Excerpts from a dataset:
▽
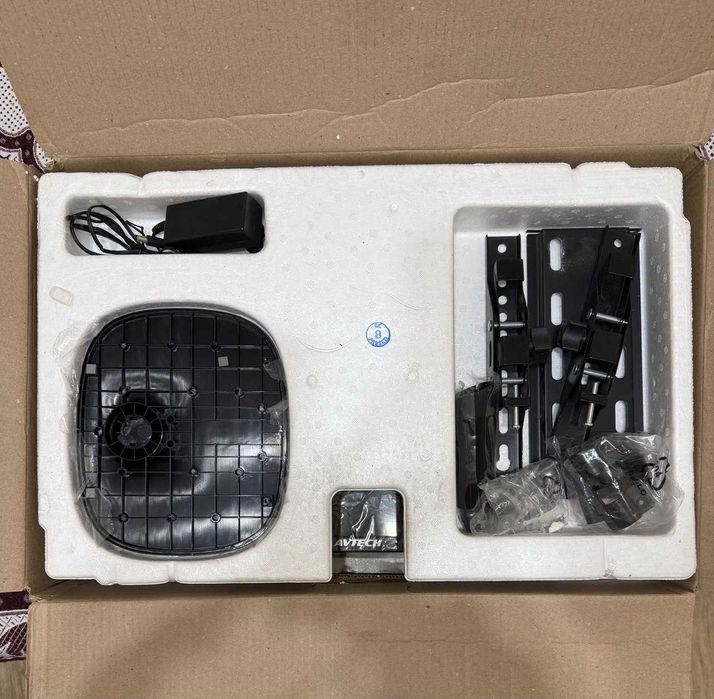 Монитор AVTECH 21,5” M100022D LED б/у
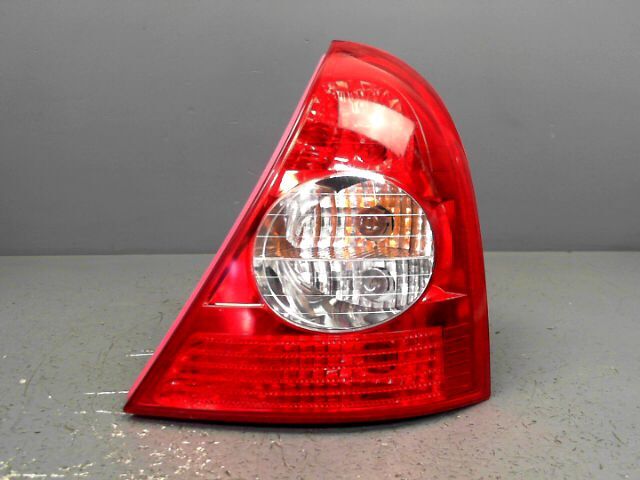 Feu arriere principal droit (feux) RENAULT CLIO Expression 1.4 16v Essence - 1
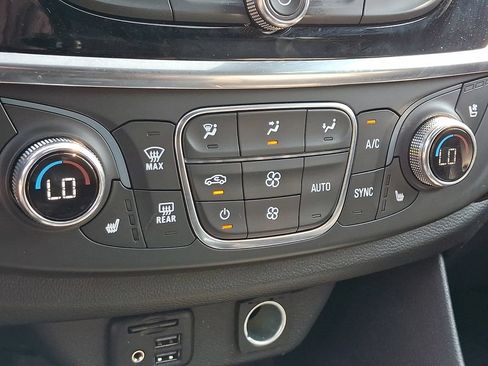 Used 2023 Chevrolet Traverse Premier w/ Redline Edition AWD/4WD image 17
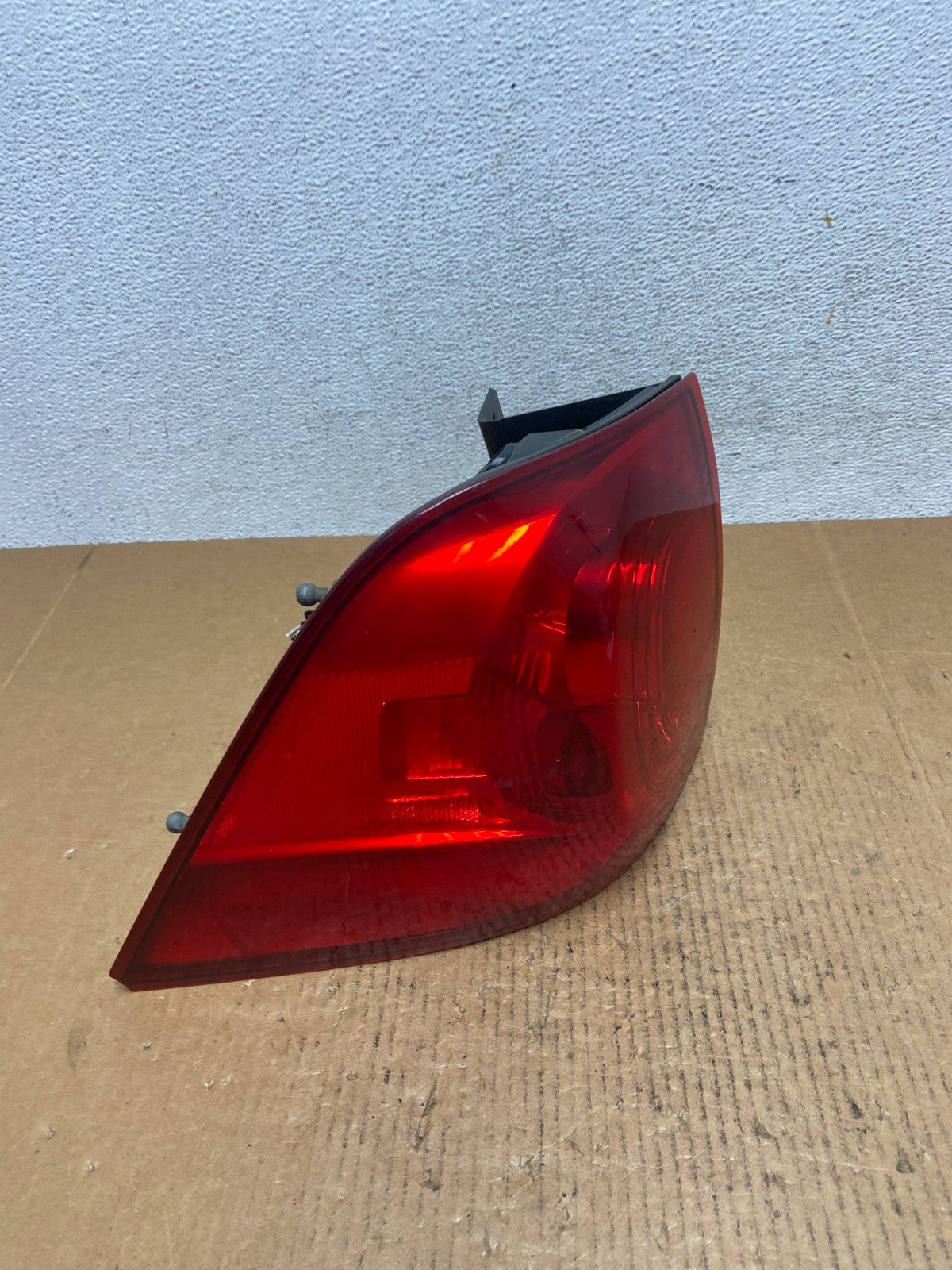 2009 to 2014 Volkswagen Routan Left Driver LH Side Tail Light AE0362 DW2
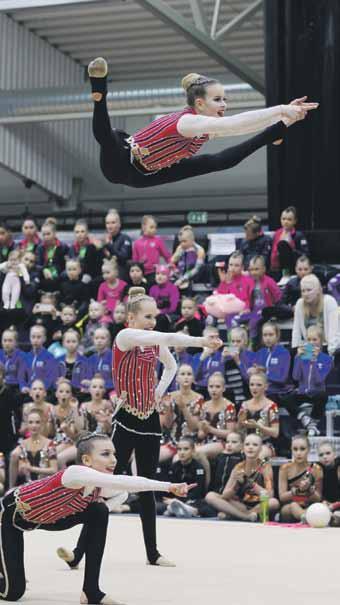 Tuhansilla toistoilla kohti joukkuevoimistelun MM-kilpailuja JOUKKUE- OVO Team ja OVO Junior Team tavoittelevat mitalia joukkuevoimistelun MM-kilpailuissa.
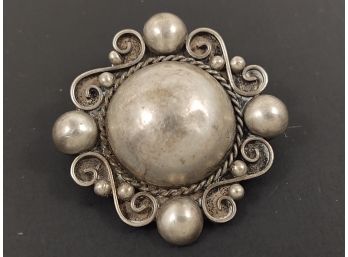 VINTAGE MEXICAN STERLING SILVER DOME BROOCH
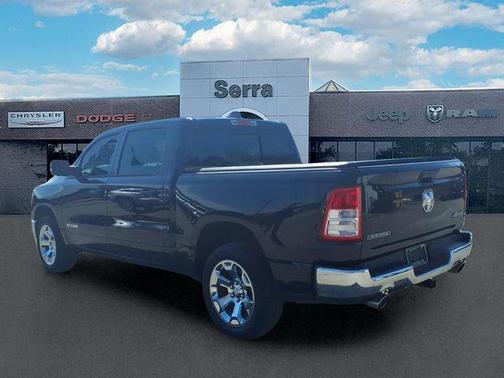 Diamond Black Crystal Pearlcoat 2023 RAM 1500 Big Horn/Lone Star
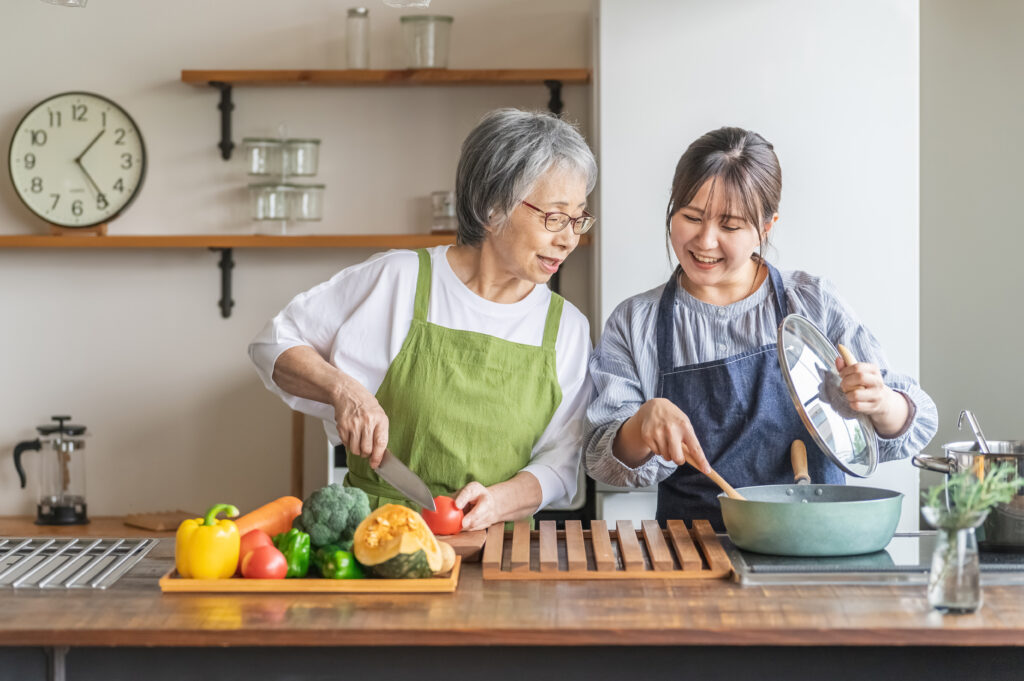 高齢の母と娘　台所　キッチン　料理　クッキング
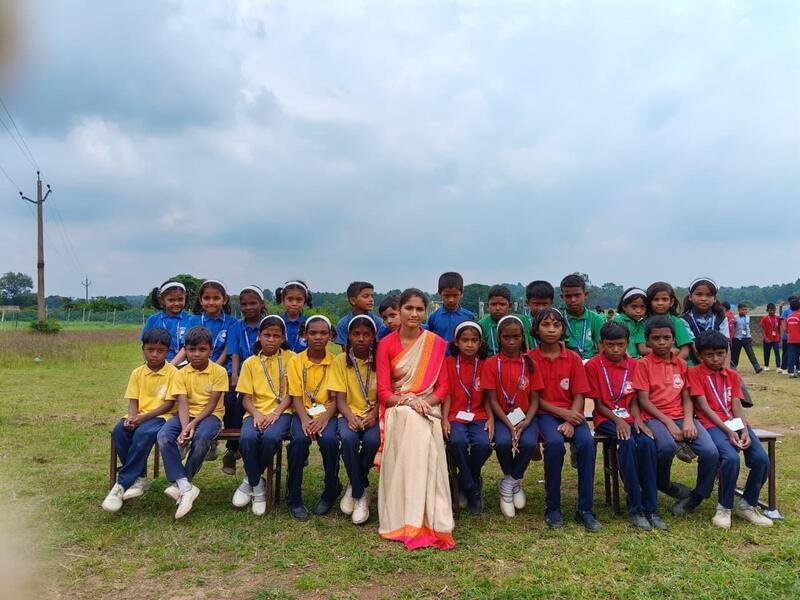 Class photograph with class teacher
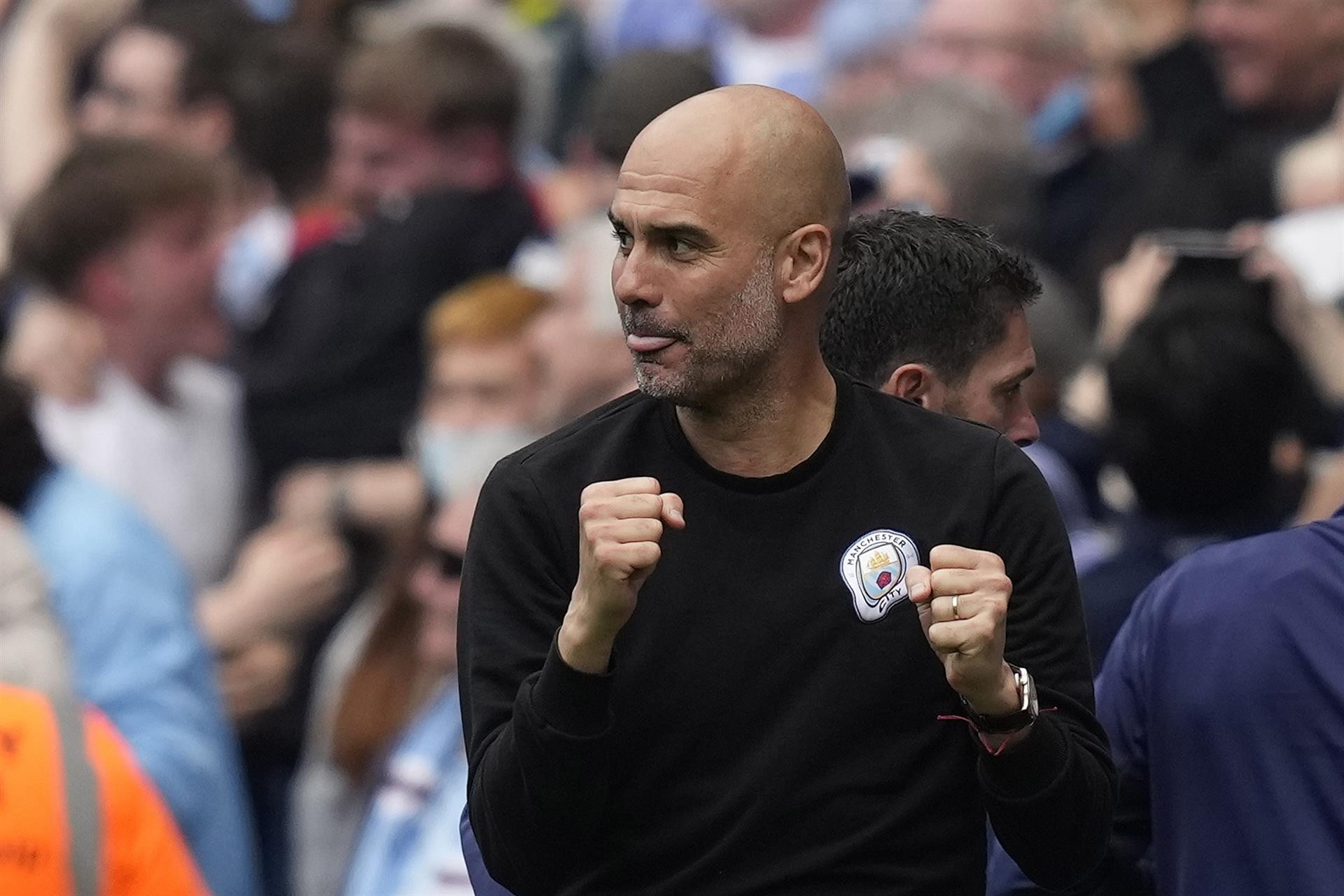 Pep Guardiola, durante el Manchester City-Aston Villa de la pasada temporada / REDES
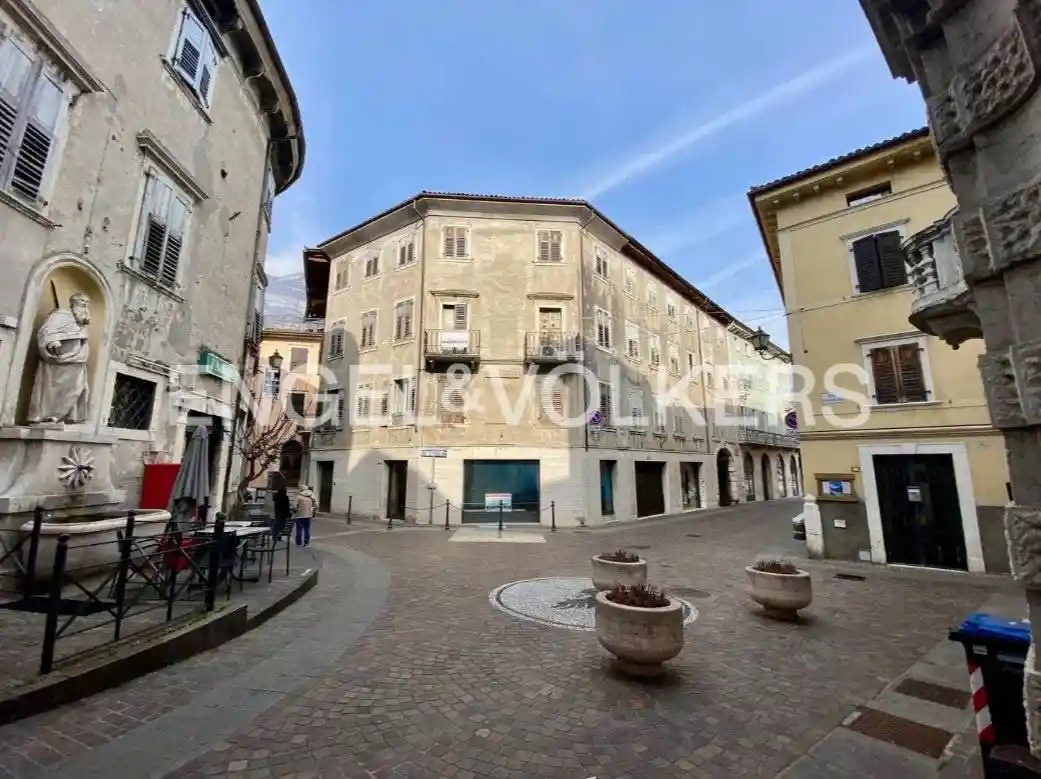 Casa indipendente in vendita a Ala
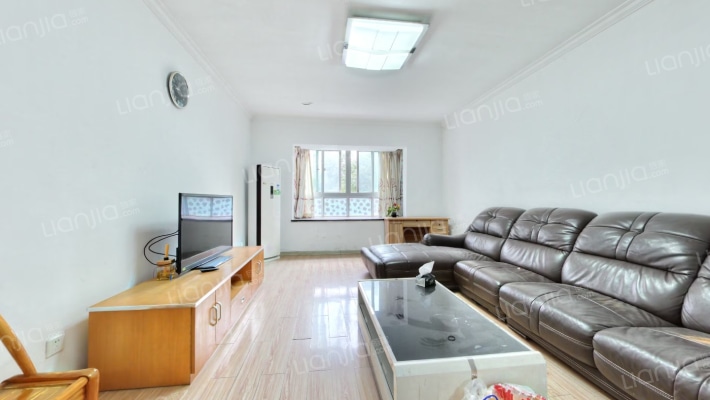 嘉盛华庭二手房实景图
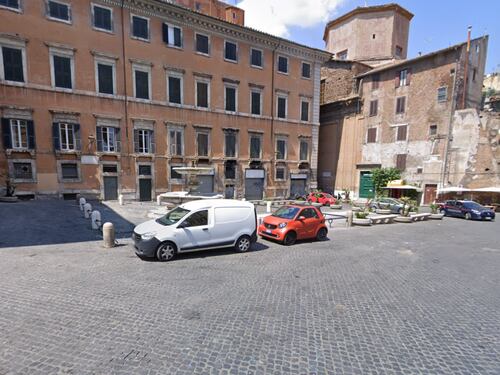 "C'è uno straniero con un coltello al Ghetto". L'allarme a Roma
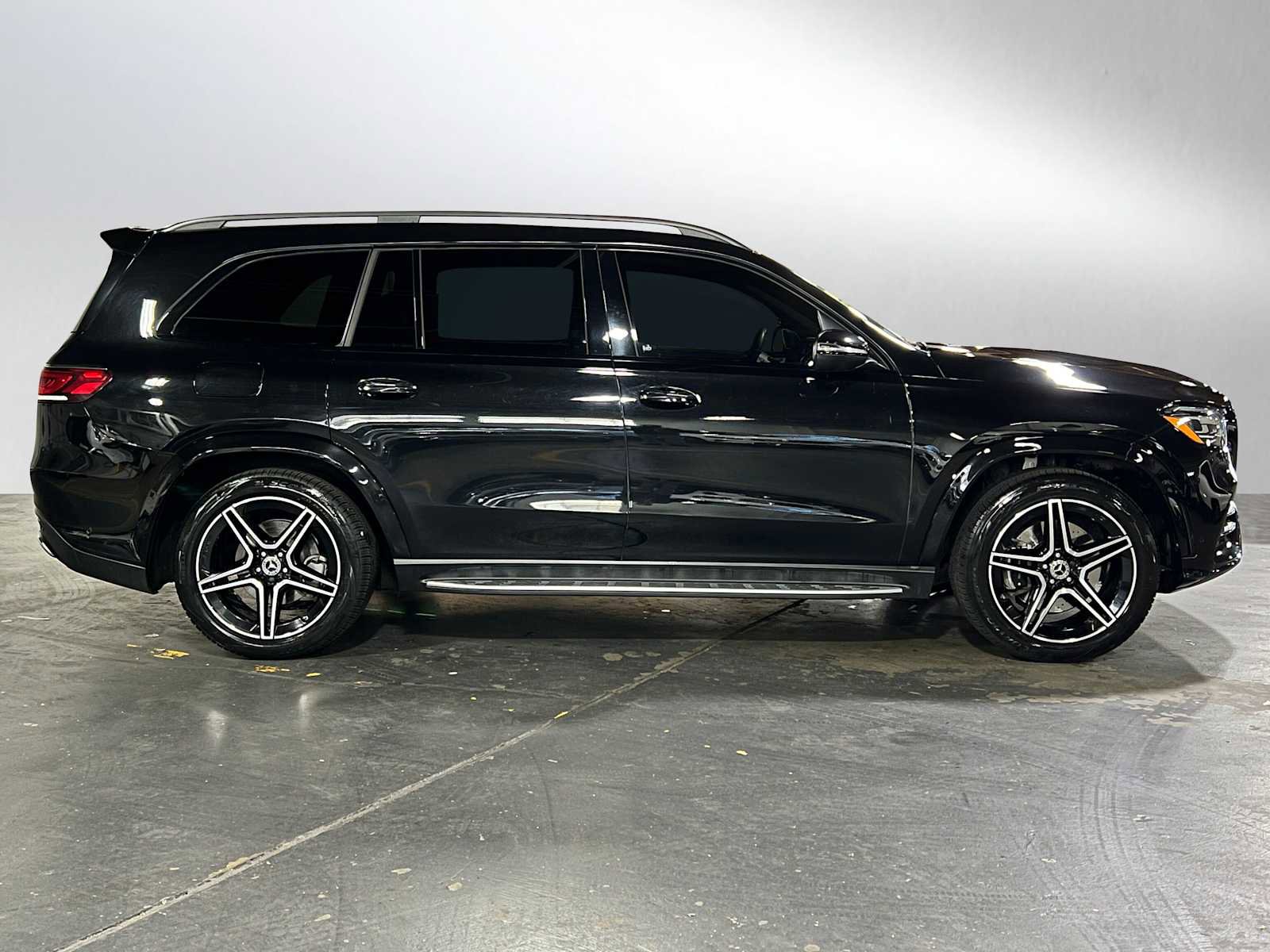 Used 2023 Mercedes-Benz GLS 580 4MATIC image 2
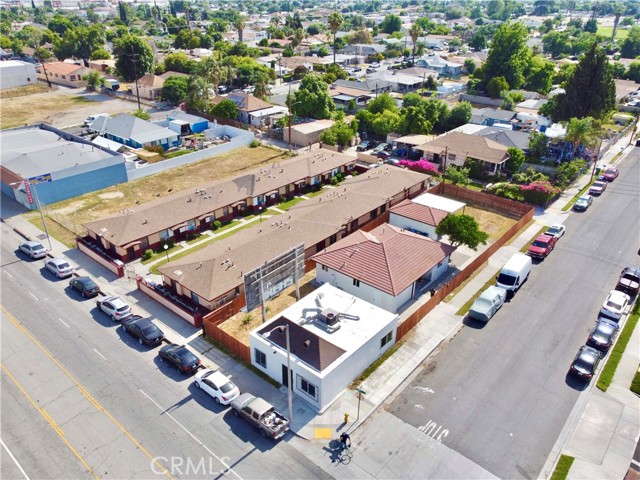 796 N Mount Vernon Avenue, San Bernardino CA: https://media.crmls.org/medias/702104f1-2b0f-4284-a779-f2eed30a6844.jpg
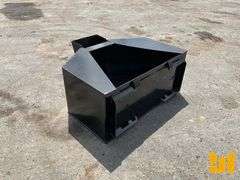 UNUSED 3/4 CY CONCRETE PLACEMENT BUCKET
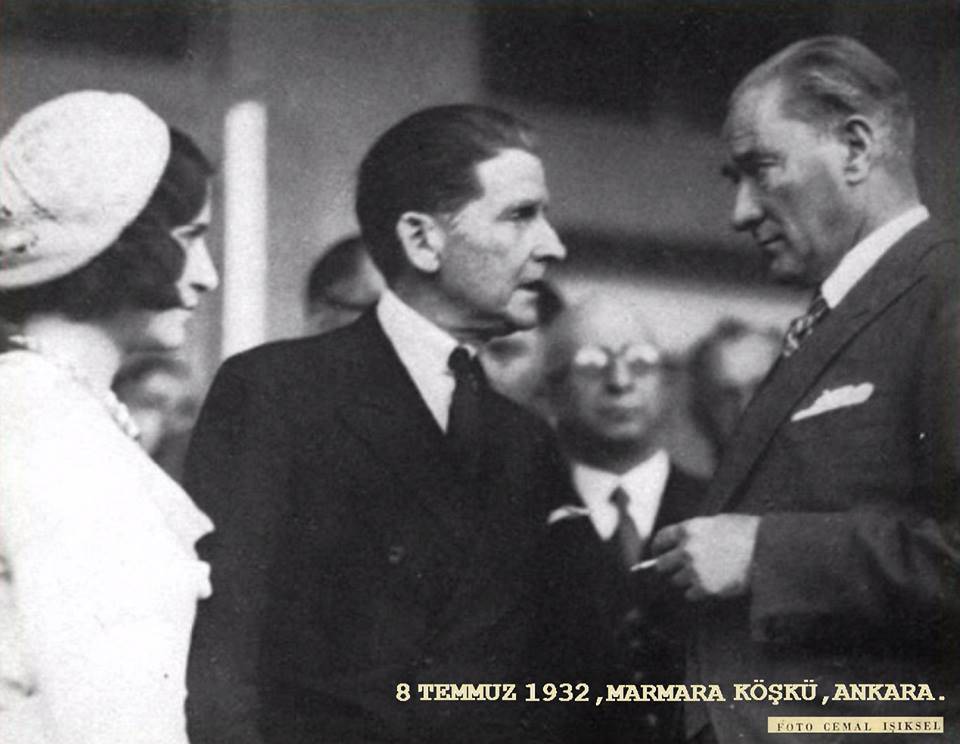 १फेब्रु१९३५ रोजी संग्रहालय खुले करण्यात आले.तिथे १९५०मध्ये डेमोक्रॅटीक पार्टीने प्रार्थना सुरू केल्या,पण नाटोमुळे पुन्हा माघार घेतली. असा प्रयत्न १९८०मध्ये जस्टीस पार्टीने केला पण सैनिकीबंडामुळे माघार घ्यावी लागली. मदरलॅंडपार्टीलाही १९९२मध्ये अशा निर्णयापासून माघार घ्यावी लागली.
△
_Aim of the task_.
Lines before the one containing "796 N Mount" are not wanted; write out that line and every later line through the end of the data above, exactly, without pictures.

_Answer space_.
 796 N Mount Vernon Avenue, San Bernardino CA: https://media.crmls.org/medias/702104f1-2b0f-4284-a779-f2eed30a6844.jpg
 UNUSED 3/4 CY CONCRETE PLACEMENT BUCKET
 १फेब्रु१९३५ रोजी संग्रहालय खुले करण्यात आले.तिथे १९५०मध्ये डेमोक्रॅटीक पार्टीने प्रार्थना सुरू केल्या,पण नाटोमुळे पुन्हा माघार घेतली. असा प्रयत्न १९८०मध्ये जस्टीस पार्टीने केला पण सैनिकीबंडामुळे माघार घ्यावी लागली. मदरलॅंडपार्टीलाही १९९२मध्ये अशा निर्णयापासून माघार घ्यावी लागली.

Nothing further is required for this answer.